▶ GOAL OF THE EXERCISE:
Using the records below, write out only the lines from the line containing "Wide Leg Black Cashmere Trousers" up to and including the line containing "For iPhone 11,11", exactly, with no pictures.

▶ EXERCISE MATERIALS:

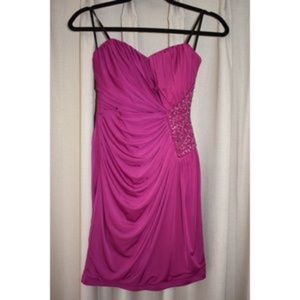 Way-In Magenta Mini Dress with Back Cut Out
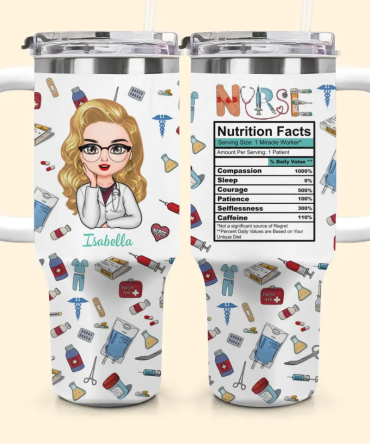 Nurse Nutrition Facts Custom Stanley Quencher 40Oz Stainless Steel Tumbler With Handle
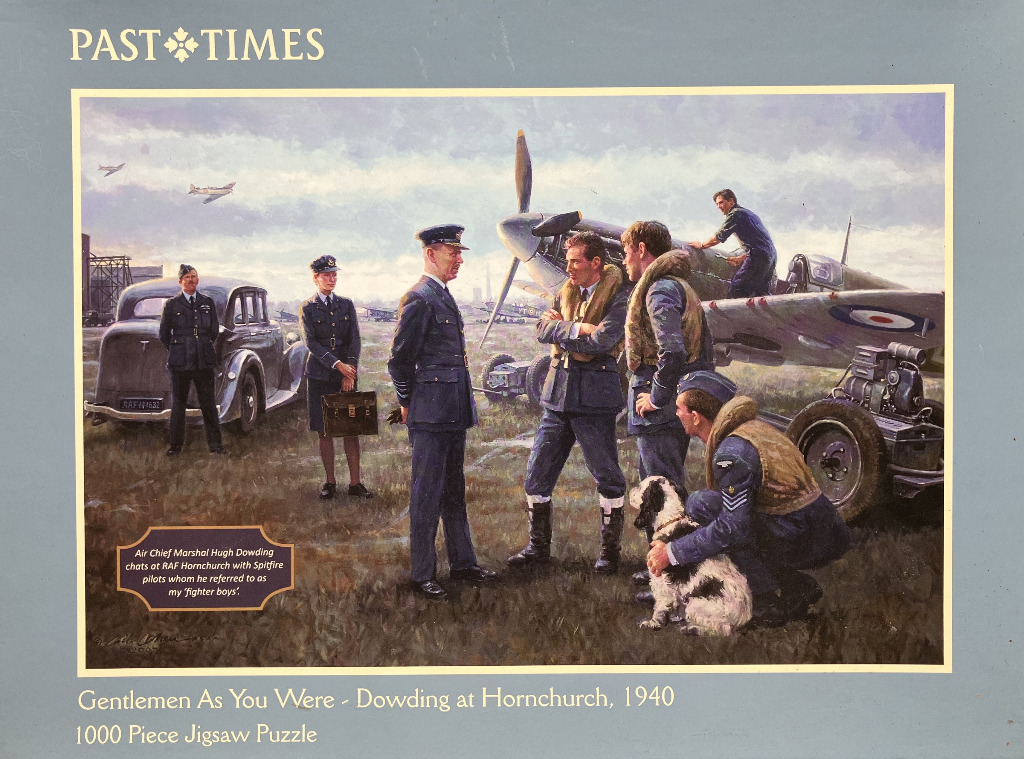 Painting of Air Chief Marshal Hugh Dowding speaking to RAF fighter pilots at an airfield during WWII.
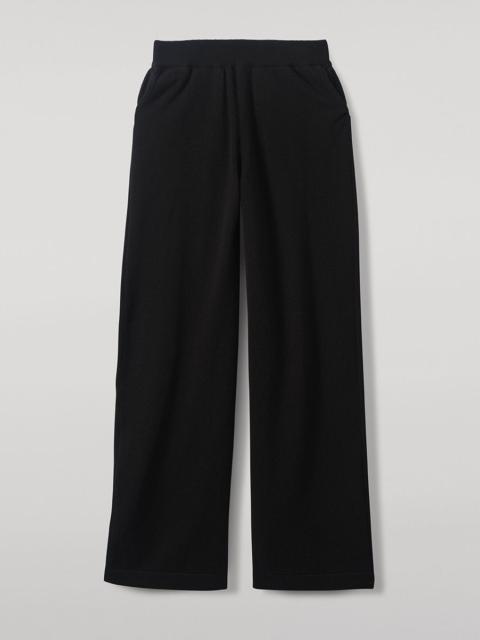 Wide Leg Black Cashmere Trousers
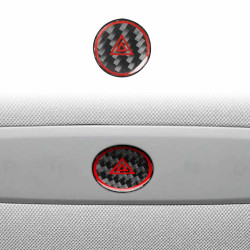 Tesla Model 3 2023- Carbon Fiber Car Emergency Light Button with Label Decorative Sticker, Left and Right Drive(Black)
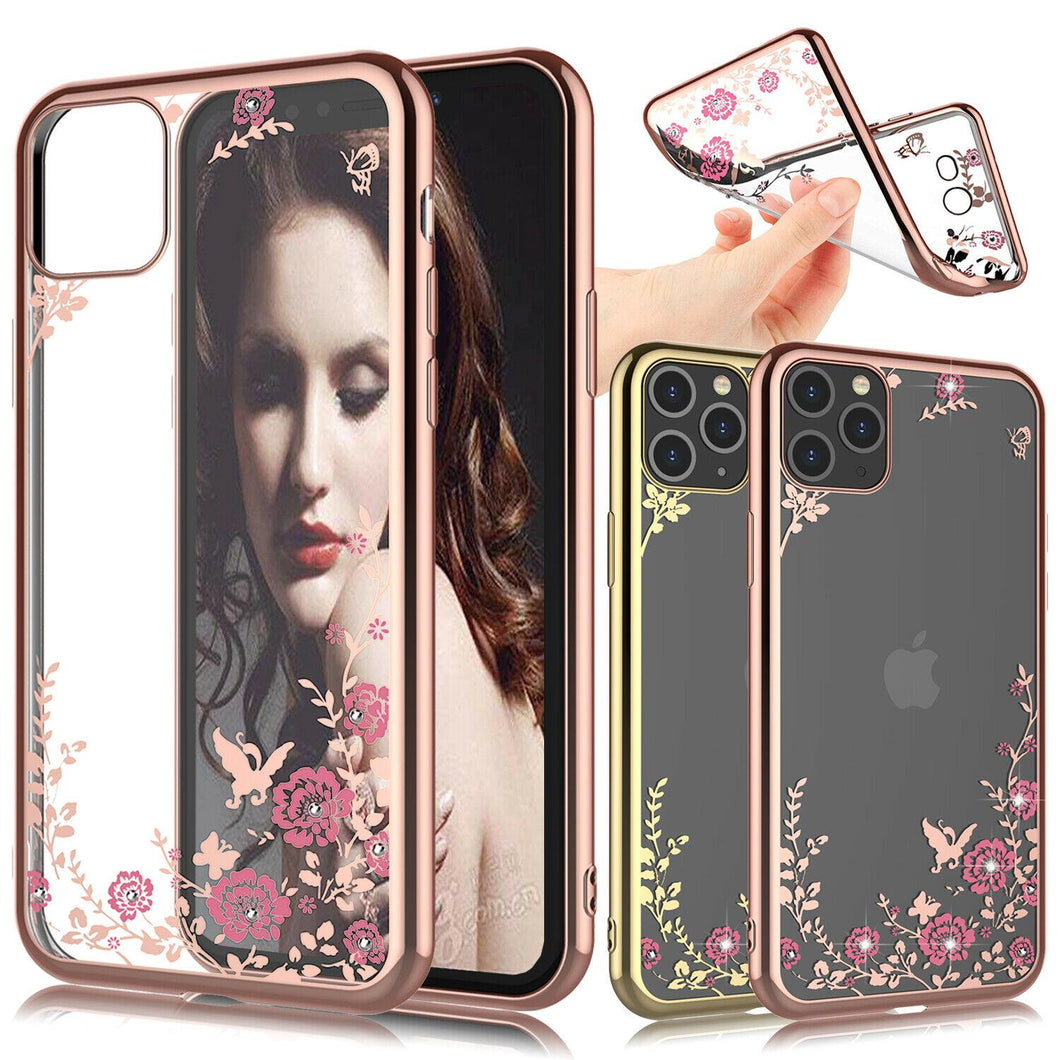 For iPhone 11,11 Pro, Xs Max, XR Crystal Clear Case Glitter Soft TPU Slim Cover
---
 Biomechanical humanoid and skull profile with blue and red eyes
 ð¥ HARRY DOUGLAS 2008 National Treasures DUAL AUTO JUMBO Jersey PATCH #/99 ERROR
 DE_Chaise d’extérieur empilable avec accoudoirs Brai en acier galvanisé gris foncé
...
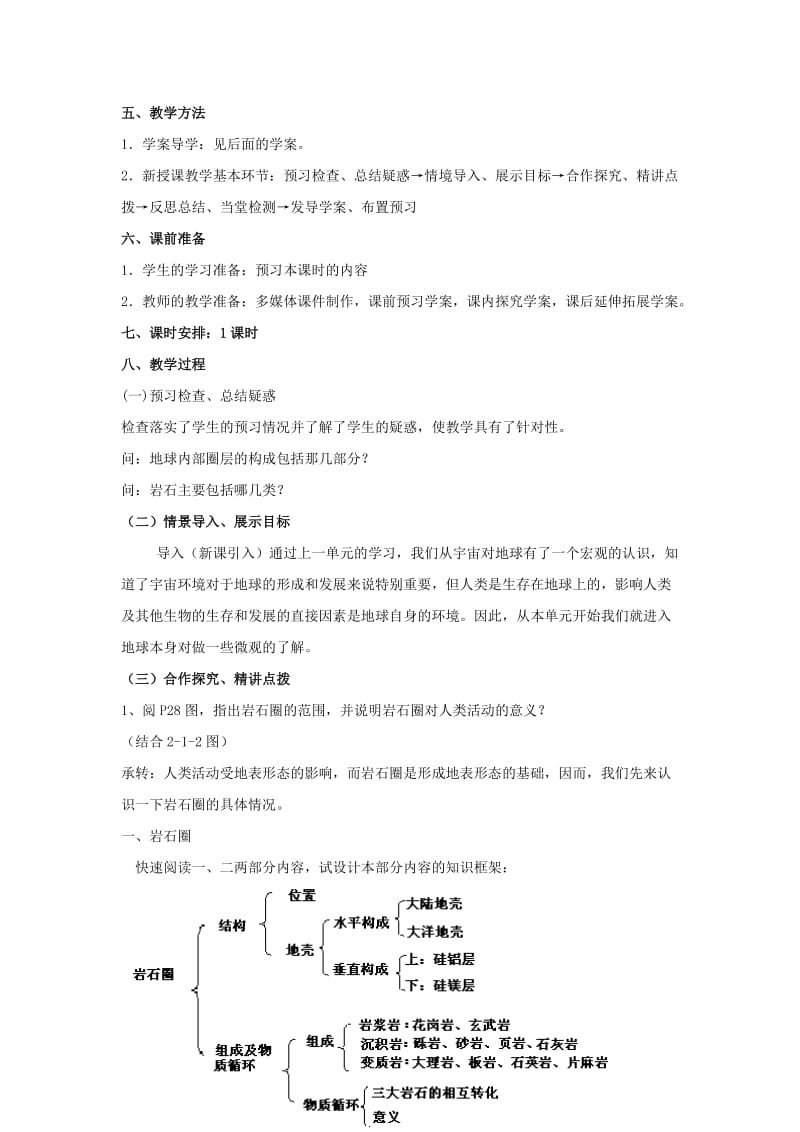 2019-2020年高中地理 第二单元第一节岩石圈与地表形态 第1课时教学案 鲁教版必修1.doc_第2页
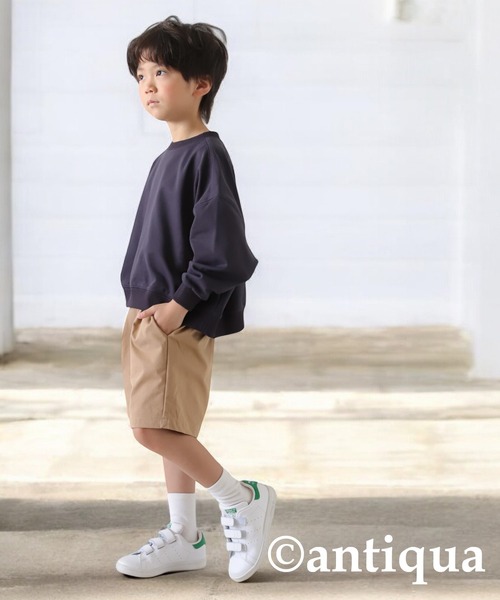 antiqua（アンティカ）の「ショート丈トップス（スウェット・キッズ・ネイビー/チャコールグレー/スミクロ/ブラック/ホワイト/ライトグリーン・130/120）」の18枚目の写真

▶ RESPONSE TO THE TASK:
 Wide Leg Black Cashmere Trousers
 Tesla Model 3 2023- Carbon Fiber Car Emergency Light Button with Label Decorative Sticker, Left and Right Drive(Black)
 For iPhone 11,11 Pro, Xs Max, XR Crystal Clear Case Glitter Soft TPU Slim Cover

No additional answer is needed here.